The force of the law has chipped away at his sin-filled impetuousness,

and the gift of grace has been poured onto him so that his rough form can rest on Christ and in turn be strong enough to support  others through Christ.

And Christ carried out this transformation.

 

In a sense, we are rather like shale that has been laid down over the years of experience, made up of this and that.

We can all too easily be broken up and our strength washed away.

But the Good News of the day is that Jesus can see that there is more to us than that.

We judge things on the basis of what we know already.

Jesus see things from the perspective of what they will yet become.

Where we can only see mud and mess,

           he sees the transformed person!

 

A German philosopher once said;

“What does not kill me makes me stronger.”

In our context, that's not quite right.

Paul reminds us that we have already faced the first death in the waters of Baptism, and have come through that death to take part in a new life that begins now and continues into the fullness of the kingdom of heaven.

Any strength that we have now is the gift of God on the other side of that first death. 

It is the strength that does not diminish with age or infirmity; it is the strength of God's promises.

 

A bit more of the metamorphosis occurs each time that we gather here around Word and Sacrament.

It involves both the heat and pressure to re-form us, and also the joy-filled confidence that the Lord Jesus is with us throughout the process.

Knowing and receiving this, we can face whatever troubles come our way.

The process of metamorphosis may be brief or it may take a very long lifetime;

the process may be gradual or intense.

 

I read that it was estimated that in 1985, 330,000 persons were killed because of their faith in the Lord Jesus, and I am assuming that the toll is considerably higher in the violence and misery of more recent years.

Note: That figure is 10x more than in the year 1900.

Nevertheless, the true outcome is assured for those who have suffered for the name of the Lord Jesus.

 

On my desk I have a tube that is filled with colored grains and bits of foil in glycerin or some other liquid, a little like a snow globe.

One holds the tube and turns it this way and that, and the bits inside rearrange themselves according to the force of gravity.

There is lots of variety but no real change.  It is a sealed system.

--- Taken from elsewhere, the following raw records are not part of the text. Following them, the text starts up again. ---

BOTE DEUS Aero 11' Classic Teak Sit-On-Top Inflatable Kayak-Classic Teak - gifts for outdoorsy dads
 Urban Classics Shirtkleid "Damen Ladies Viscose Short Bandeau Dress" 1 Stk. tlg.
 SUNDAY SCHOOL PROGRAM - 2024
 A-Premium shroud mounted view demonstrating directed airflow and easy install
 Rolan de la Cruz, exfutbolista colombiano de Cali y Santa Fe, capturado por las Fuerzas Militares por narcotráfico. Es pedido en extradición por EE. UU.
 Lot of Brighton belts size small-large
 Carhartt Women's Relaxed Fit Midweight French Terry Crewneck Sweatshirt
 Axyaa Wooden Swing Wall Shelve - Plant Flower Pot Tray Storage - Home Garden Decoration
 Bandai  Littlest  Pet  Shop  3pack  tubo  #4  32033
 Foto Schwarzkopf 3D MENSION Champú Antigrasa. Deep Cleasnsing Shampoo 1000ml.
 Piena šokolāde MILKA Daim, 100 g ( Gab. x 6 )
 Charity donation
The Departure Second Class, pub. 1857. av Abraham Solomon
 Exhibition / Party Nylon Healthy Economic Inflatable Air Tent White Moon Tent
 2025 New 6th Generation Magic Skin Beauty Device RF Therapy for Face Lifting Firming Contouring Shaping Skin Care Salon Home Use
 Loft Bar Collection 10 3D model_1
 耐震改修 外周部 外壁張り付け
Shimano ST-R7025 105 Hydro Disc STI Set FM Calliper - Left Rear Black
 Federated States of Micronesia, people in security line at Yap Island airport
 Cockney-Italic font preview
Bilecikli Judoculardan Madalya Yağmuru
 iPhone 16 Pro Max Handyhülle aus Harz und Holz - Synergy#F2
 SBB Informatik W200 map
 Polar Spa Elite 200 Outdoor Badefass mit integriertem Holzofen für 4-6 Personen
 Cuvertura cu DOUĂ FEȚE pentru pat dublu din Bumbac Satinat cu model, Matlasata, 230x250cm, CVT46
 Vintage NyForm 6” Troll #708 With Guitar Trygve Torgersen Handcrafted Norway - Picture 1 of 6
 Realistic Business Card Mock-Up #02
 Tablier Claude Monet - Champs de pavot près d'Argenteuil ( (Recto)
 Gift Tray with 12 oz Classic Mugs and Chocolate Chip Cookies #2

The Good News to Peter and to all of us is that God has broken into what we thought was this sealed system of our life, 

has done a genuinely new thing,

and has set us off on a new direction. 

 

Several years ago we made an interesting cover for our Annual Report booklet.

It featured a stone wall with Christ the cornerstone at its base.

Then beside and atop it were many other stones of different sizes, and each one bearing a name of a member of the congregation.

Each one depends for its place in the wall upon all of the others, and the cornerstone set the shape and configuration of the entire structure called “church.”

We don't fit together naturally; we have to be selected, and shaped, and placed, and learn how to be the support and Good News bearer to someone else.

That is the process we reviewed in all of those Bible-references to Peter; and that is the process we too are undergoing.

Weak and crumbly rocks we may have been;

strong and enduring blocks we are becoming, by God's gracious gift.

So we celebrate Peter,

           one with us in weakness,

            one with us in promised strength. Amen.

 

Please note: The preceding sermon is provided as a resource for the thought, prayer, and meditation of the members and friends of St. Mark's. It is the residue of a verbal event, and thus it does not have academic footnotes and other details that would be expected in a written document. The writer gladly acknowledges the prior thought and work of many Christians before him.